EMILIO BOSSI (Milesbo) GESÙ CRISTO NON È MAI ESISTITO PDF

  


Emilio Bossi Gesù Cristo non è mai esistito PDF QUI!

Capo I

IL SILENZIO DELLA STORIA


SULL'ESISTENZA DI CRISTO


Di Gesù Cristo — persona reale, essere umano — la storia non ci ha conservato nessun documento,
nessuna prova, nessuna dimostrazione.
Egli non ha scritto nulla1.
Anche Socrate, in vero, non scrisse nulla, insegnando solo oralmente. Ma tra Cristo e Socrate
vi sono tre differenze capitali: la prima consistente nel fatto che Socrate non insegnò nulla che non
fosse razionale, o meglio, umano, mentre Cristo a ben poca cosa di umano mescè molto di miracoloso;
la seconda, derivante dalla circostanza che Socrate passò alla storia unicamente come persona
naturale, laddove Cristo non fu né è conosciuto che come persona soprannaturale; la terza, infine,
scaturente da ciò che Socrate ebbe per discepoli persone storiche che ci sono garanti della sua esistenza
— quali Senofonte, Aristippo, Euclide, Fedone, Eschine, ed il divino Platone — mentre dei
discepoli di Cristo nessuno è conosciuto se non attraverso i documenti sospetti della fede, come il
loro Maestro.
Talché, se dal fatto che Socrate non scrisse nulla non si potrebbe indurre la conclusione che
egli non sia mai esistito, all'incontro tale conclusione scaturisce legittimamente, almeno a titolo di
presunzione, dalla circostanza che Cristo, il quale pure sarebbe vissuto cinque secoli dopo, non lasciò
nulla di scritto.
Ma c'è ben dell'altro.
Non solo Cristo non scrisse nulla, ma nulla neppure fu scritto di lui.
Tolta la Bibbia — che, come vedremo, non solo non ci può fornire la prova che Cristo sia stato
un uomo reale, ma ce ne fornisce molte, anzi è tutta quanta una prova del contrario — nessun autore
profano, dei molti che sarebbero stati suoi contemporanei, ci ha lasciato qualche cenno di lui.
I soli autori profani del suo tempo che fecero il suo nome — Flavio Giuseppe, Tacito, Svetonio
e Plinio — o furono interpolati e falsificati, come i primi due, o, come gli altri due, parlarono di
Cristo soltanto etimologicamente, per designare la superstizione che dal suo prese il nome ed i seguaci
della medesima; ed in ogni caso scrissero senza averlo conosciuto e senza rendersi garanti
della sua esistenza, molto tempo dopo e in cenni fuggevoli che, come dimostreremo, stanno a provare
piuttosto ch'egli non è mai esistito.
Ernesto Renan, il più grande dei cristologi, che ebbe il torto di darci la sua Vita di Gesù come
una biografia, laddove non è che un abile romanzo, è pure costretto a riconoscere il silenzio della
storia intorno al suo eroe. «I paesi greci e romani — egli scrive — non udirono parlare di lui; il suo
nome non apparisce negli autori profani che un secolo dopo e anche indirettamente, a proposito dei
moti sediziosi dalle sue dottrine suscitati, o delle persecuzioni alle quali i suoi discepoli eran fatti
segno.

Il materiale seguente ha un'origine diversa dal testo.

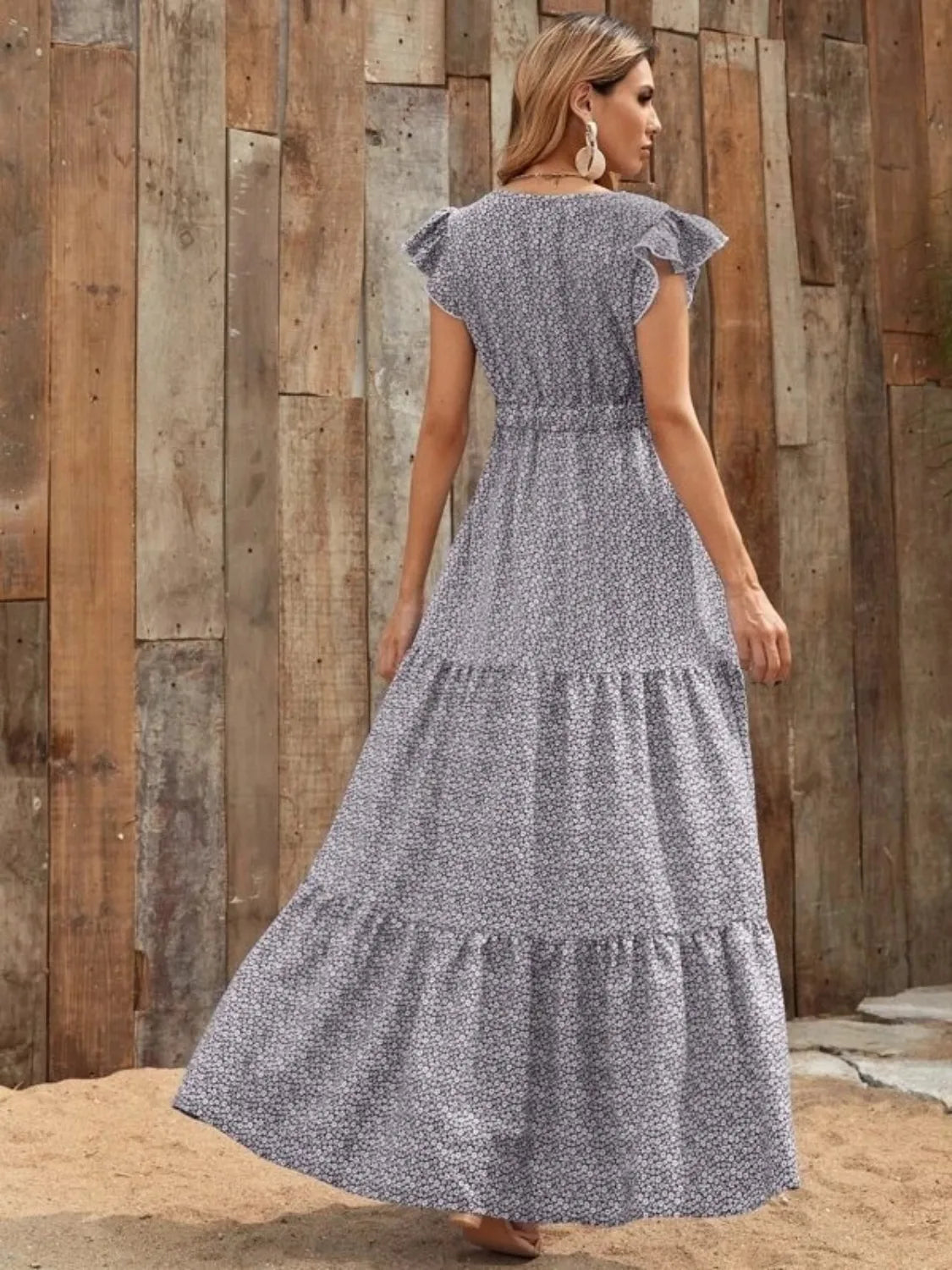 Printed V-Neck Ruffled Cap Sleeve Maxi Dress.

Nel seno medesimo del giudaismo, Gesù non lasciò impressione molto durevole. Filone,
morto verso l'anno 50 nulla seppe di lui. Giuseppe, nato l'anno 37, e che scrisse in sul finire del secolo,
rammenta la sua condanna in alcune linee2 come un avvenimento qualunque, ed annoverando
le sette del tempo, omette i cristiani.
«La Mischna non serba traccia della nuova scuola; i passi delle due Gemare, ov'è nominato il
fondatore del cristianesimo, non risalgono al di là del IV o del V secolo»3.
1 La pretesa lettera sua al re Abgaro fu dimostrata una pia frode. Origene e sant'Agostino la escludono senz'altro,
dichiarando in modo formale che Cristo non scrisse nulla. Del resto la Chiesa stessa lo dimostra col non averla collocata
al primo posto fra i documenti canonici, come avrebbe avuto un interesse capitale a fare, ove appena essa avesse presentato
qualche apparenza d'autenticità. Dicasi lo stesso delle lettere di Pilato a Tiberio.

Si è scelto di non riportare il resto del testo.